### AIM OF THE TASK
Where an entry contains a picture, skip the picture and write out everything else exactly.

### RECORDS FOR PROCESSING
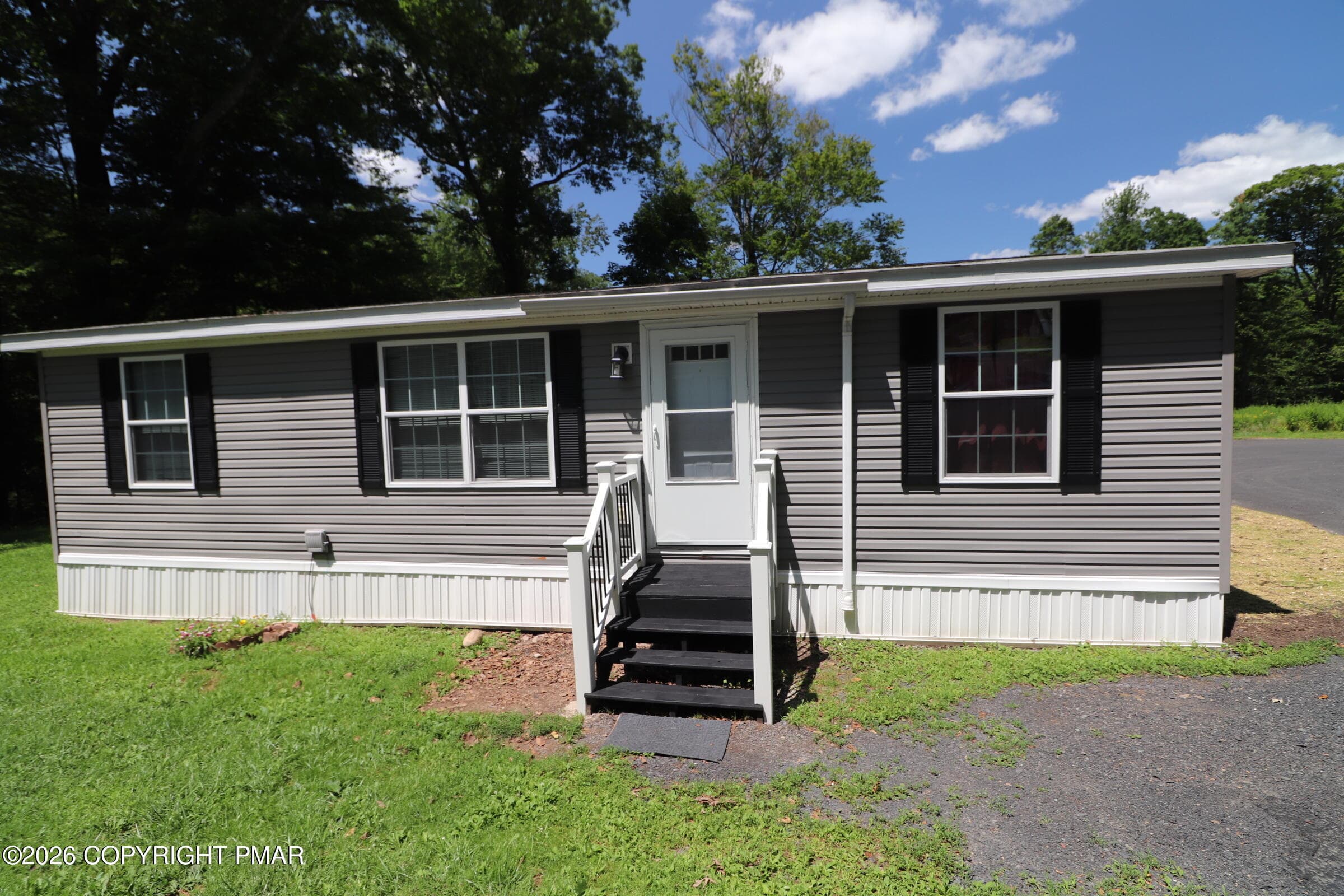 Front view of home - 287 Birchwood Drive, Saylorsburg, PA 18353, Saylorsburg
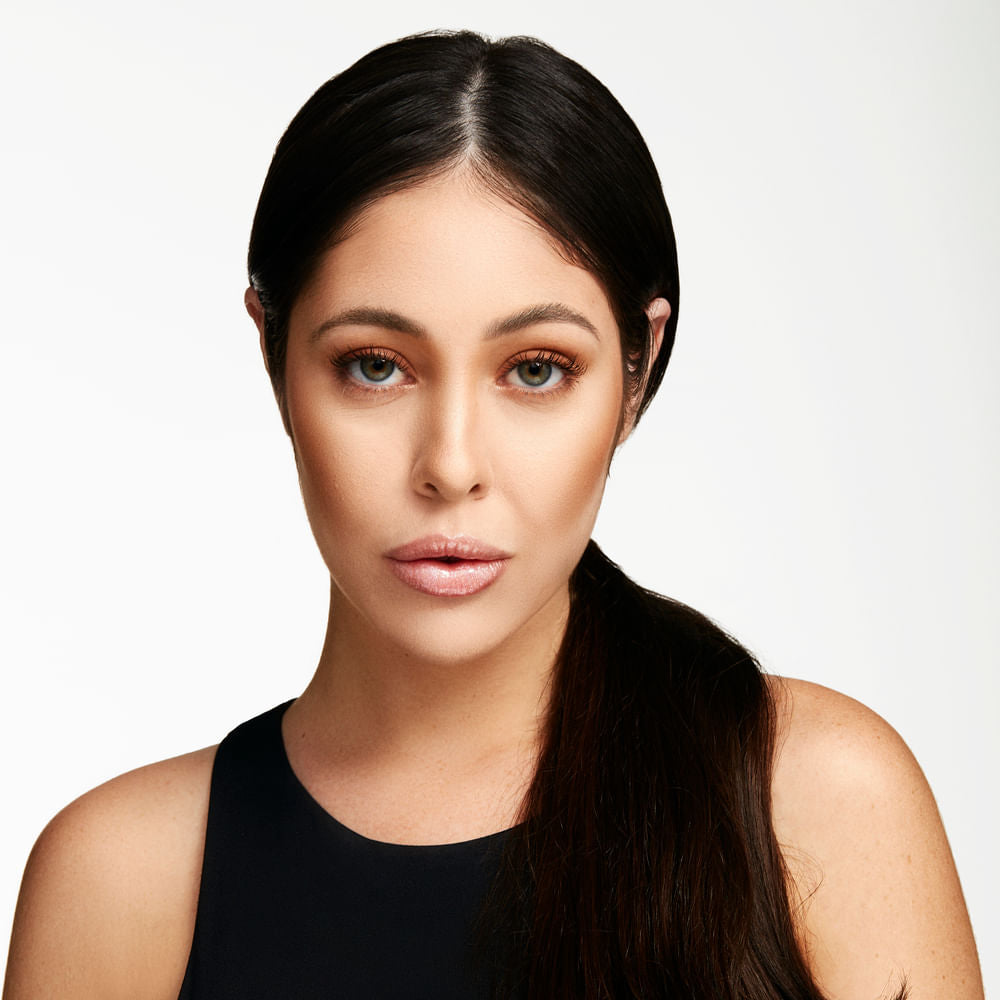 PÓ FACIAL SOLTO PLUSH FRAN BY FRANCINY EHLKE  1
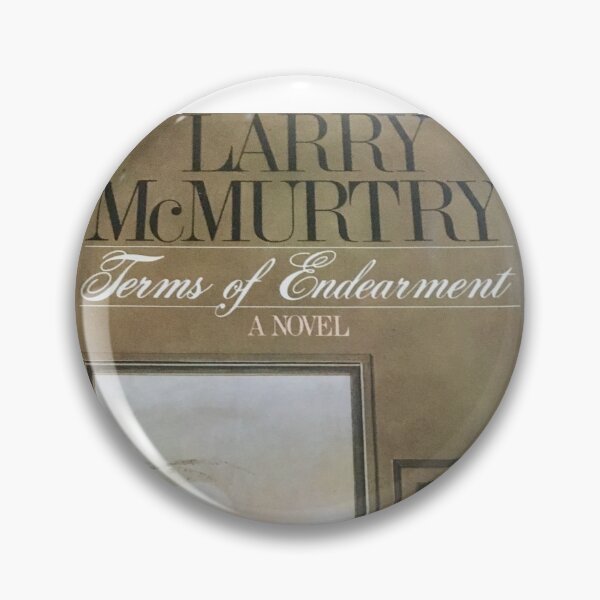Item preview, Cover of Larry McMurtry's Terms of Endearment designed and sold by Jenniferkate72.
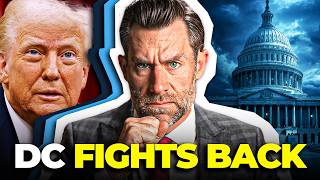 Trump's Hostile Takeover of DC Backfires - The Hero We Need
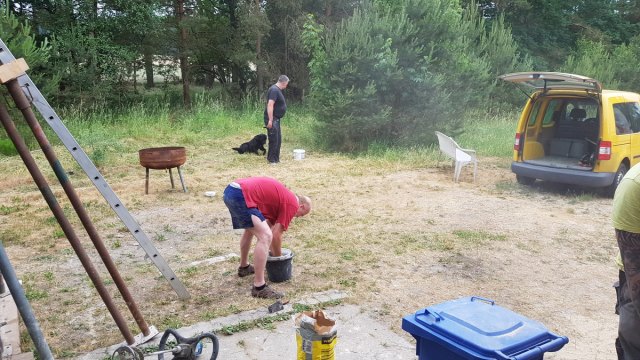 2018-06-12 Arbeitswochenende Clubhaus - 20180604 191522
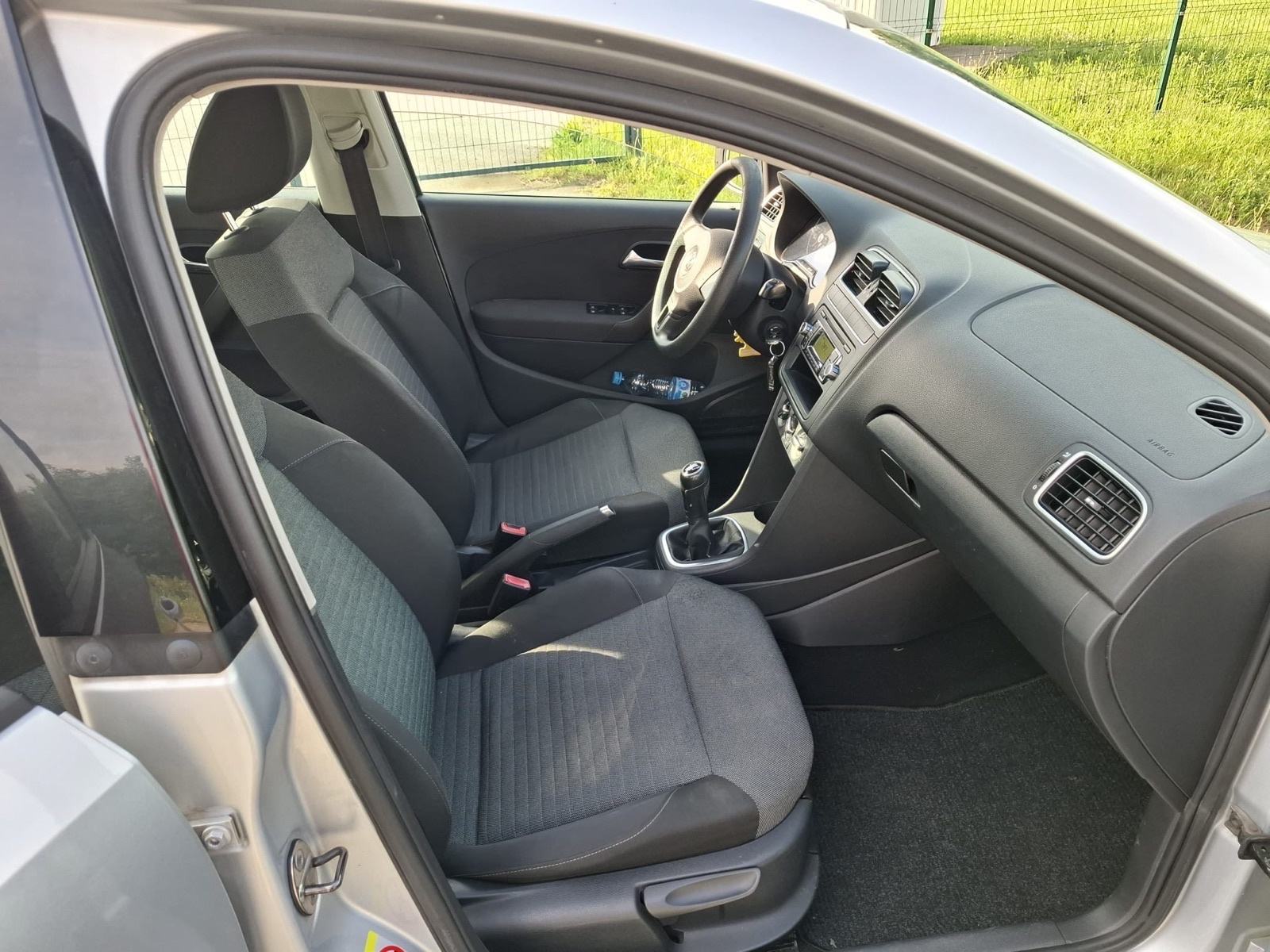 VW Polo 1,6 TDI, fotografija 7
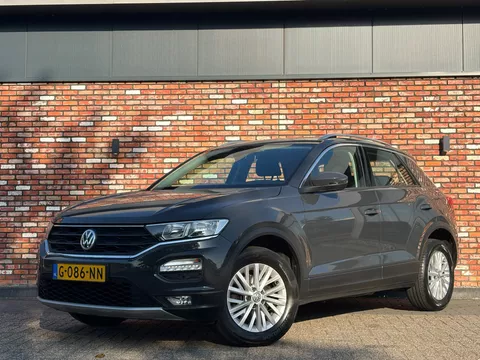 Volkswagen T-Roc 1.0 TSI Style Business Trekhaak Adap.Cruise Carplay Pdc Orig.NL Voll.Onderhouden!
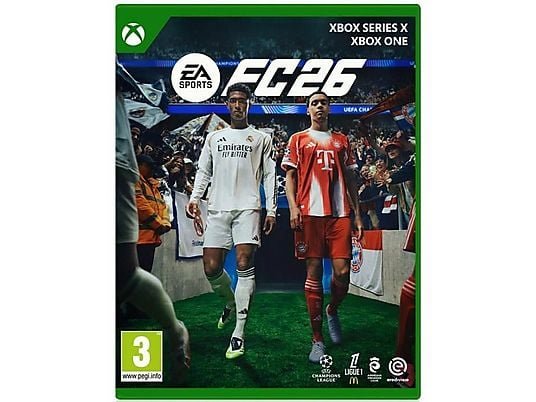 EA Sports Gioco di Sport per Xbox Series X / Xbox One Italiano Fisico Edizione Standard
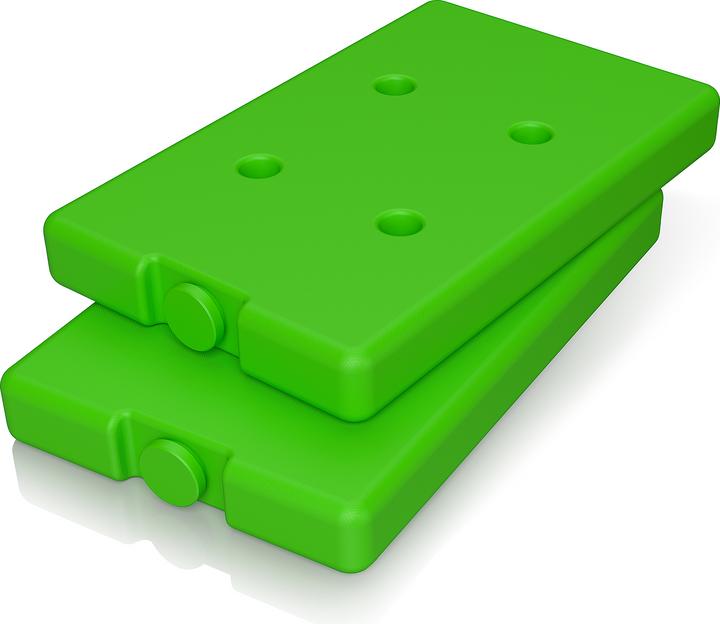 Neff GS1810Z0 Accumulatore a freddo, verde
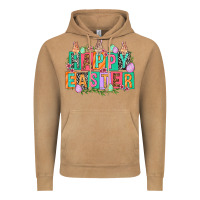 Vintage Camel Happy Easter with plate letters Easter Day Vintage Hoodie - HowdyJamesFarm
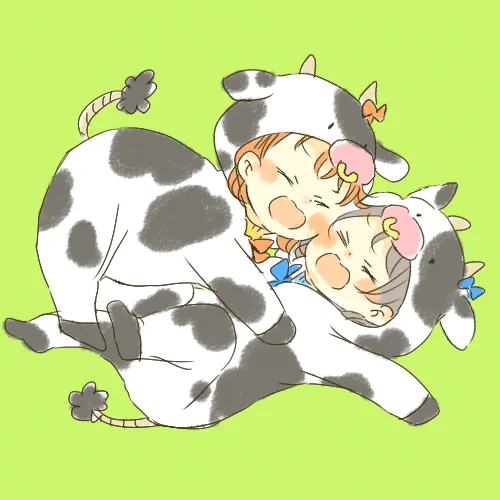 ごろごろ～ 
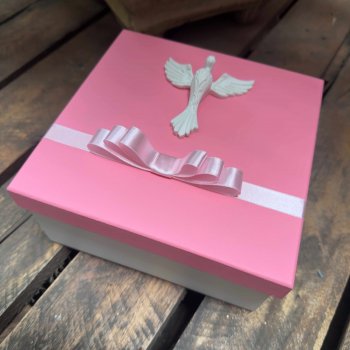 CAIXA 20X20X9 - PERSONALIZADA -  UNID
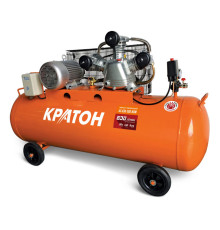 Масляный компрессор с ременным приводом Кратон AC-630-300-BDW 3 01 01 044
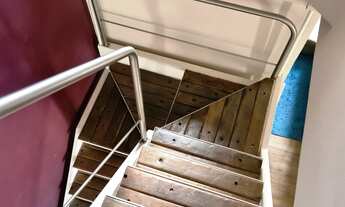 Imagem 4: Cobertura para venda tem 113 metros quadrados com 2 quartos em Moema - São Paulo - SP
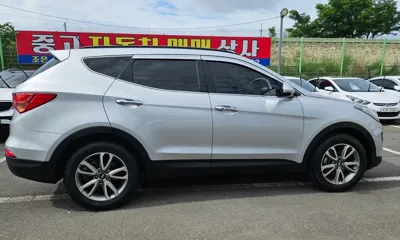 Hyundai Santafe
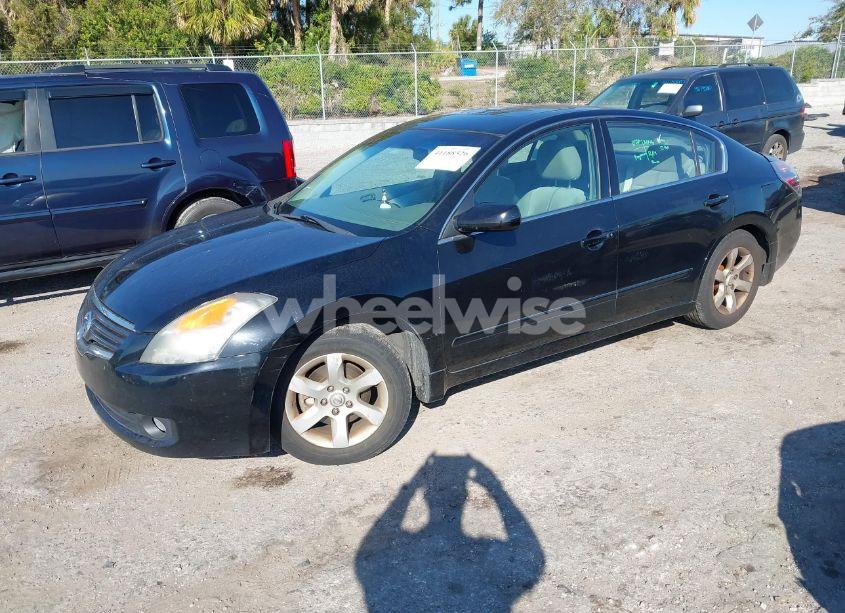 Photo 2 of 2009 Nissan Altima 2.5 S (VIN 1N4AL21EX9N559210)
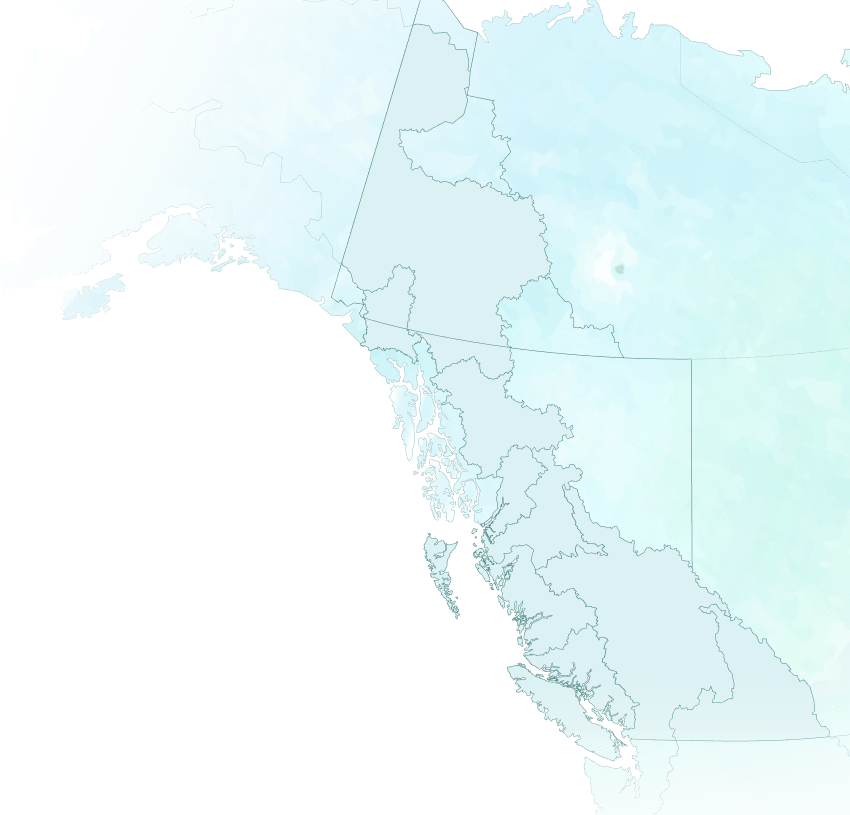 Region map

### OUTPUT FOR THIS TASK
 Front view of home - 287 Birchwood Drive, Saylorsburg, PA 18353, Saylorsburg
 PÓ FACIAL SOLTO PLUSH FRAN BY FRANCINY EHLKE  1
Item preview, Cover of Larry McMurtry's Terms of Endearment designed and sold by Jenniferkate72.
 Trump's Hostile Takeover of DC Backfires - The Hero We Need
 2018-06-12 Arbeitswochenende Clubhaus - 20180604 191522
 VW Polo 1,6 TDI, fotografija 7
 Volkswagen T-Roc 1.0 TSI Style Business Trekhaak Adap.Cruise Carplay Pdc Orig.NL Voll.Onderhouden!
 EA Sports Gioco di Sport per Xbox Series X / Xbox One Italiano Fisico Edizione Standard
 Neff GS1810Z0 Accumulatore a freddo, verde
 Vintage Camel Happy Easter with plate letters Easter Day Vintage Hoodie - HowdyJamesFarm
 ごろごろ～ 
 CAIXA 20X20X9 - PERSONALIZADA -  UNID
 Масляный компрессор с ременным приводом Кратон AC-630-300-BDW 3 01 01 044
 Imagem 4: Cobertura para venda tem 113 metros quadrados com 2 quartos em Moema - São Paulo - SP
 Hyundai Santafe
 Photo 2 of 2009 Nissan Altima 2.5 S (VIN 1N4AL21EX9N559210)
 Region map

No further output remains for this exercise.